The police launched their operation on February 4th, seizing 30 kg of ivory tusks and ornaments, and arresting three traffickers, who remain in police custody.
“WWF congratulates the DRC government for successfully breaking up this ivory trafficking network,” said Bruno Perodeau, WWF-DRC Conservation Director. “This crackdown shows that ivory traffickers can no longer count on impunity for their crimes in this country, and demonstrates that with determination, we can be successful in the fight against wildlife crime, even in DRC.”
The Congo rainforest, home to the African forest elephant, is the world’s second largest rainforest – two thirds of which are found in the DRC, where elephant poaching continues at an industrial scale. If poaching is not stopped, the species could all but disappear from the DRC in the near future, following in the footsteps of several other iconic species, such as the Northern White rhino.

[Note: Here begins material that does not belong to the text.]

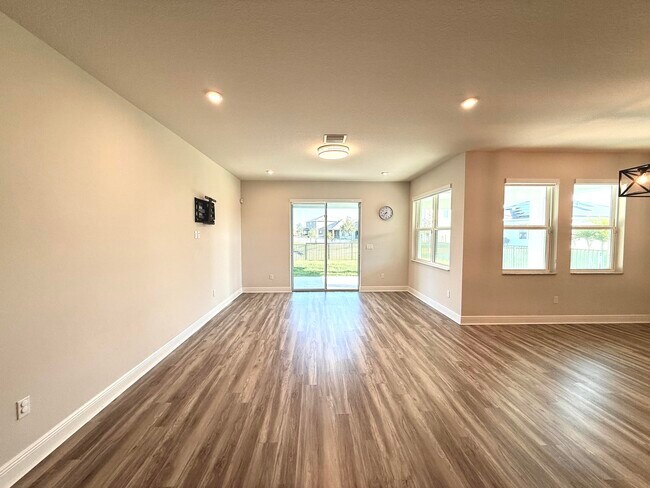 Building Photo - 10819 Pacini Wy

"When DRC authorities and civil society organizations work together to combat the illegal wildlife trade, everybody wins, and the criminals lose. If such efforts can be maintained and amplified, there will be new hope in the on-going battle to save the country's rapidly dwindling elephant populations," said Jordan Kimball, Chief of Party for WWF's Central African Forest Ecosystem Conservation (CAFEC) project.
As a key country in the illegal ivory trade, DRC was requested to provide a National Ivory Action Plan (NIAP) by the Standing Committee of the Convention on International Trade in Endangered Species of wild flora and fauna (CITES) in July 2014. Last March, the CITES Secretariat recommended that members suspend commercial trade in CITES-listed specimens with the DRC because it had not finalized its NIAP within the agreed timeframe.
Faced with the threat of sanctions, the DRC has started to act, completing and implementing its NIAP and now cracking down on a key ivory trafficking network, showing that strong and decisive action by CITES can lead to real conservation impact on the ground.
“This action is an important step but the DRC has to do more, including closing down its illegal domestic ivory markets and increasing its anti-poaching operations,” said Alain Ononino, Head of Policy for the WWF Wildlife Crime Initiative in Central Africa.
According to the 2014 Congolese wildlife law, anyone found guilty of killing, hurting, capturing or possessing a fully protected animal, including an elephant, faces one to ten years in prison and/or a fine of 5 to 10 million Congolese francs (US$5,500-11,000). Trafficking internationally in fully protected species, such as illegally trading in ivory, carries a heftier punishment – 5 to 10 years in jail and/or the fine of 25 to 100 million Congolese francs (US$27,000-110,000).